* **ASSIGNED TASK**
Of the entries below, return exactly those lines that fall between the one containing "A snow-covered neighborhood" and the one containing "warehouse worker scanning parcels on belt", the two end lines included.

* **RECORDS FOR THE TASK**
+---+

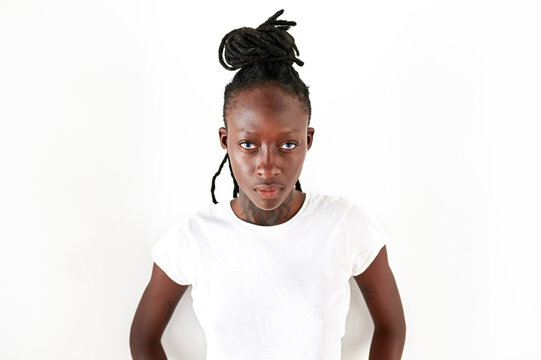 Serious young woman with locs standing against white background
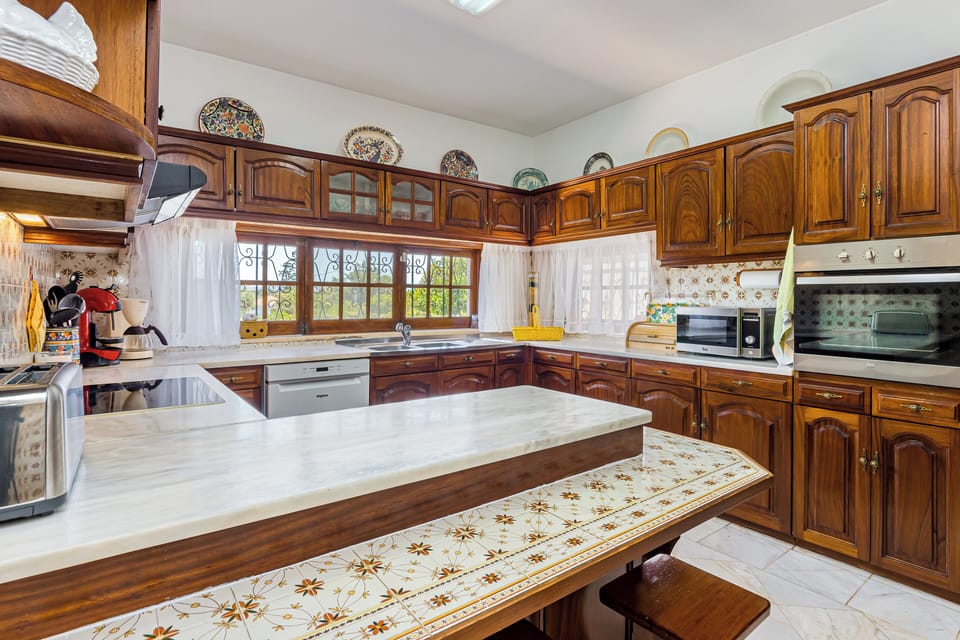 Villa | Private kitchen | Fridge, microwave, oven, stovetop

+---+

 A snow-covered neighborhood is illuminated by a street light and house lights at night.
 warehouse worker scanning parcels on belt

+---+

* **SOLUTION TO THE PROBLEM**
 A snow-covered neighborhood is illuminated by a street light and house lights at night.
 warehouse worker scanning parcels on belt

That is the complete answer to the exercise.